• Excerpted data
########

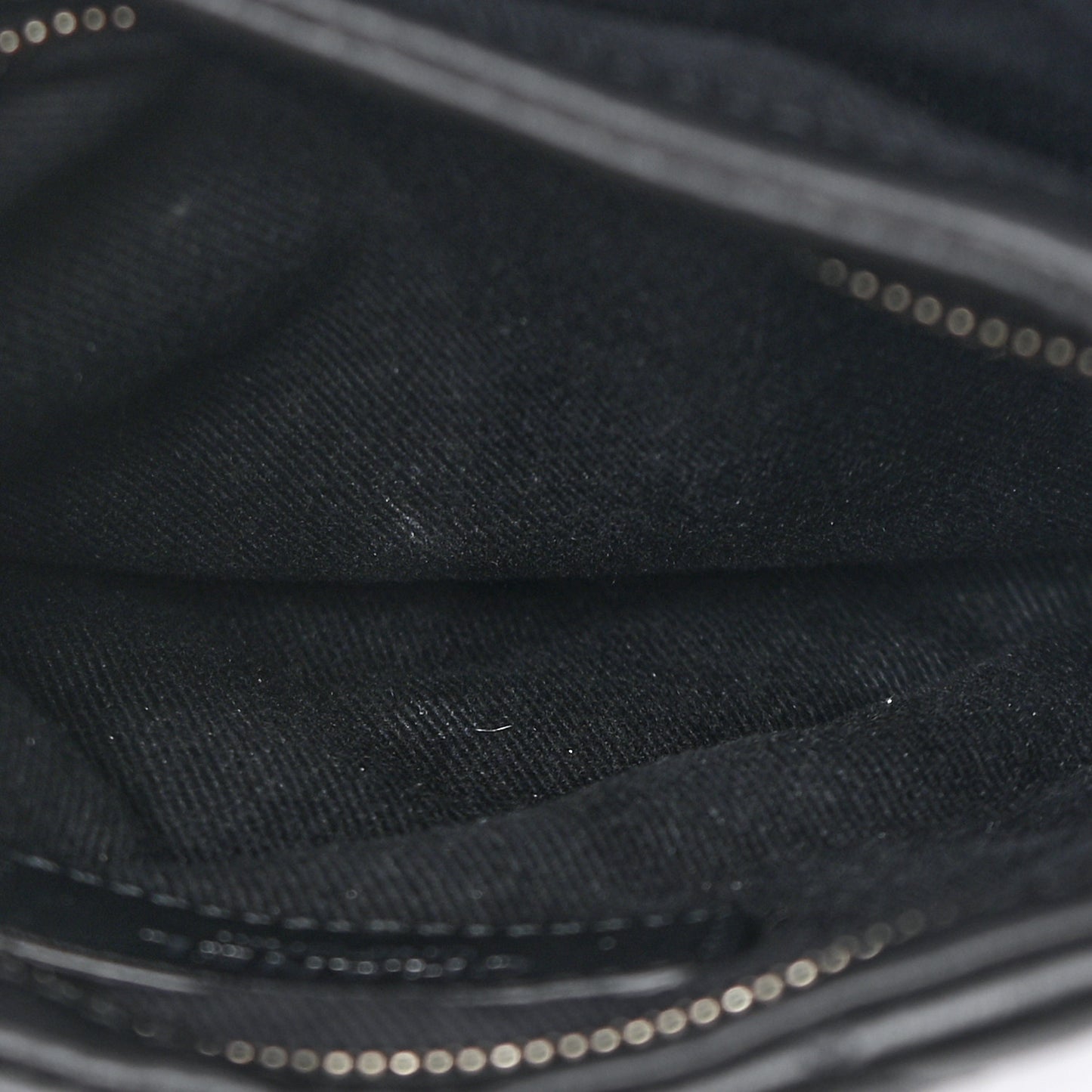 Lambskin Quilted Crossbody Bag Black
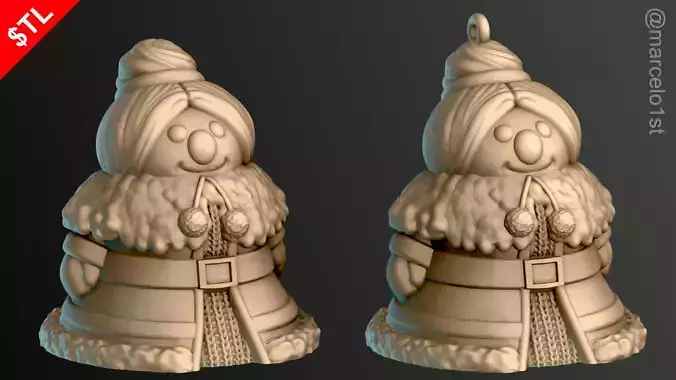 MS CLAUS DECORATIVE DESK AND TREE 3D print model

########

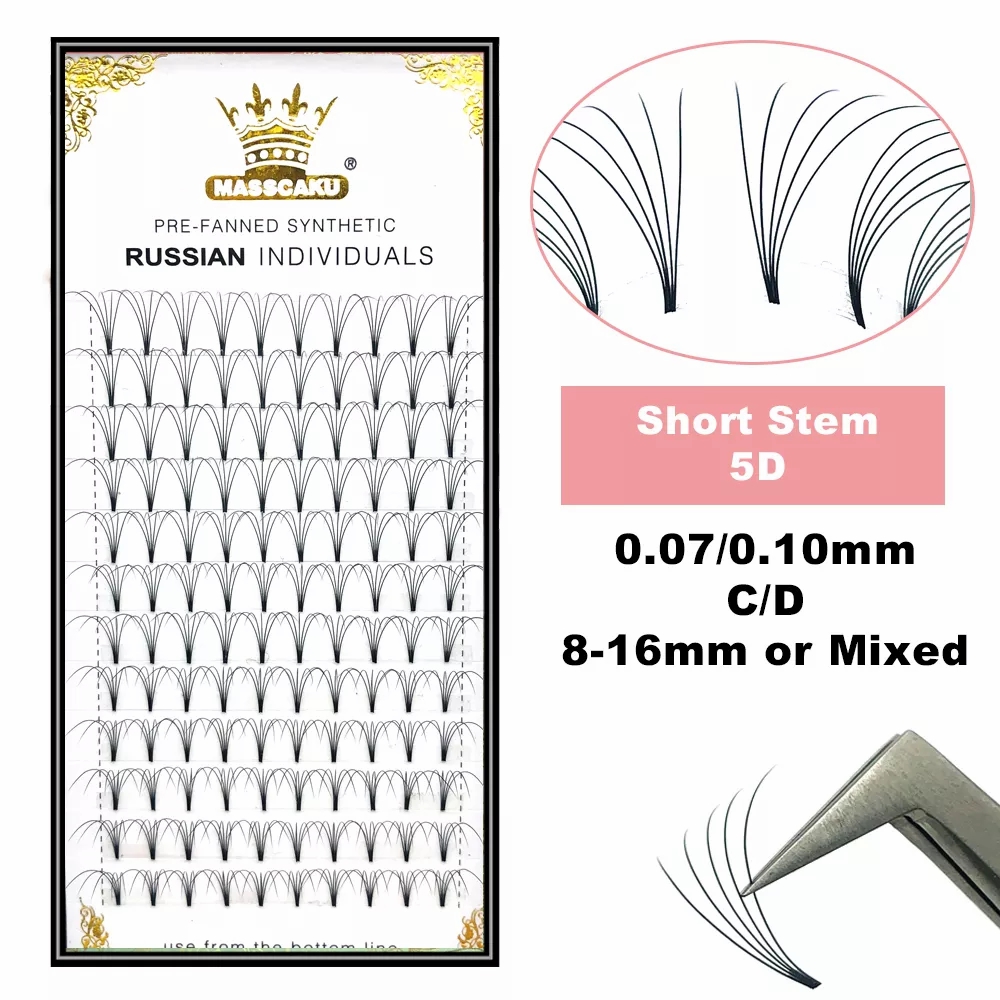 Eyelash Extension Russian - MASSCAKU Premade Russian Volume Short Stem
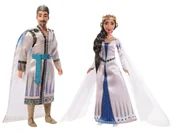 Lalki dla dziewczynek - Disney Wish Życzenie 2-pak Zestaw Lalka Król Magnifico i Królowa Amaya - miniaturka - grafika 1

########

• Problem to work on
Given the listing above, retype only the span of lines from the line with "Lambskin Quilted Crossbody Bag Black" up to and including the line with "MS CLAUS DECORATIVE", exactly as it stands and without pictures.

• Task solution
 Lambskin Quilted Crossbody Bag Black
 MS CLAUS DECORATIVE DESK AND TREE 3D print model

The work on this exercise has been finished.